Congratulations! I am always impressed by this achievement. I am hoping to get Hugo started on this goal in 2022. There hasn't been a training class near me since the summer.


----------



## lily cd re (Jul 23, 2012)

a2girl despite not being able to find a class you can probably make a lot of progress in training for CGC on your own. I trained Javelin mostly by taking him to pet stores and working things there. Also here is a link to the AKC resource page for the CGC program. There is a search tool there for finding classes, but also a link to an AKC video for CGC. Training Resources – American Kennel Club


----------



## a2girl (Oct 4, 2020)

lily cd re said:


> a2girl despite not being able to find a class you can probably make a lot of progress in training for CGC on your own. I trained Javelin mostly by taking him to pet stores and working things there. Also here is a link to the AKC resource page for the CGC program. There is a search tool there for finding classes, but also a link to an AKC video for CGC. Training Resources – American Kennel Club


Thank you, I will take a look. The reason that I have been leaning toward a CGC class is because I work full time at a very demanding job that doesn’t leave me with much time or energy to organize the training on my own. The training I do with Hugo tends to be reinforcement of what he’s learned in various classes he’s already taken.


----------



## lily cd re (Jul 23, 2012)

I get it that it can be hard to find places to fit in training and that a class can help impose discipline about working on things! You could probably make some progress by doing 5 or 10 minutes at a time at home each day then going to a public space one day a week for about 20-30 minutes. As I recall that is roughly what I did with Javelin.


----------



## Bigbark (Jan 9, 2021)

lily cd re said:


> Bigbark I would suggest having different people you trust taking Remy from you as directed in the test description in different places to universalize it, but also do many repeats in the place when you would test it if you were going to redo it. Start by having the person calling you back before Remy shows much in the way of worry about your disappearance. Don't get crazy when you go back to him, but just give him a nice hello pet and tell him he was good. You can do as short as you need to at the beginning and build to the three minutes. Telling the dog they were good rather than big party rewards will help prevent the dog from anticipating the handler's return.
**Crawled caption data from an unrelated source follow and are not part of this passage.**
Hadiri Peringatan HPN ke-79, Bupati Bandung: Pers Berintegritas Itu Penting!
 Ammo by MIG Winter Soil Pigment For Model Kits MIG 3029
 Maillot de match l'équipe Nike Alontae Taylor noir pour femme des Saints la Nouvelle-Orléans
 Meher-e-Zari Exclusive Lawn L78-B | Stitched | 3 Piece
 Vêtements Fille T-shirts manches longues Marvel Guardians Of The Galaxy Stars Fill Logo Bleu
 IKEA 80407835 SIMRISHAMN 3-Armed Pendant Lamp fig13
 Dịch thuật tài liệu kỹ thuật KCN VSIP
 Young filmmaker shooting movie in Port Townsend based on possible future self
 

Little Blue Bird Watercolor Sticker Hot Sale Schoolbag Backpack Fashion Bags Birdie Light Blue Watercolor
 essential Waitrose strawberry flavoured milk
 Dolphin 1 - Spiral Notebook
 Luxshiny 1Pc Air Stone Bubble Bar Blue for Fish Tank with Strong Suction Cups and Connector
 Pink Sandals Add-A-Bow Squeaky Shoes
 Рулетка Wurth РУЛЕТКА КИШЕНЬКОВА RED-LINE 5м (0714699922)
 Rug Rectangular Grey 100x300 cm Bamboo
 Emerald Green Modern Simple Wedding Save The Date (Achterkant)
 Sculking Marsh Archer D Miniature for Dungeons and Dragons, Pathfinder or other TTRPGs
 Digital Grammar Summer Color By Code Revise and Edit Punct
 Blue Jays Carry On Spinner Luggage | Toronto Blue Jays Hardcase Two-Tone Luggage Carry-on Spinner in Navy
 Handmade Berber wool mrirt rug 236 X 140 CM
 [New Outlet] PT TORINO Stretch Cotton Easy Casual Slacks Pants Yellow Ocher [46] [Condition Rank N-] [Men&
Thanks! I'll be following your advice whenever the opportunity presents itself. Our training club would be a good place to practice this skill.

Also, I love your suggestion for training at a pet store. I did a lot of this to get Remy ready for his test since he is shy of strangers. The big box stores make him uncomfortable, so we train mostly at a smaller pet store with friendly cashiers.


----------



## Click-N-Treat (Nov 9, 2015)

Congratulations! That's not an easy test to pass. I know because I'm evaluator and I teach that class. Greeting a friendly stranger, without going bonkers is hard. By far, the supervised separation seems to cause my students the most trouble. Getting through both is an achievement for sure. Great work! What's next? Tricks?


----------



## Bigbark (Jan 9, 2021)

Click-N-Treat said:


> Congratulations! That's not an easy test to pass. I know because I'm evaluator and I teach that class. Greeting a friendly stranger, without going bonkers is hard. By far, the supervised separation seems to cause my students the most trouble. Getting through both is an achievement for sure. Great work! What's next? Tricks?


Many thanks click - I’m for sure proud of my little boy.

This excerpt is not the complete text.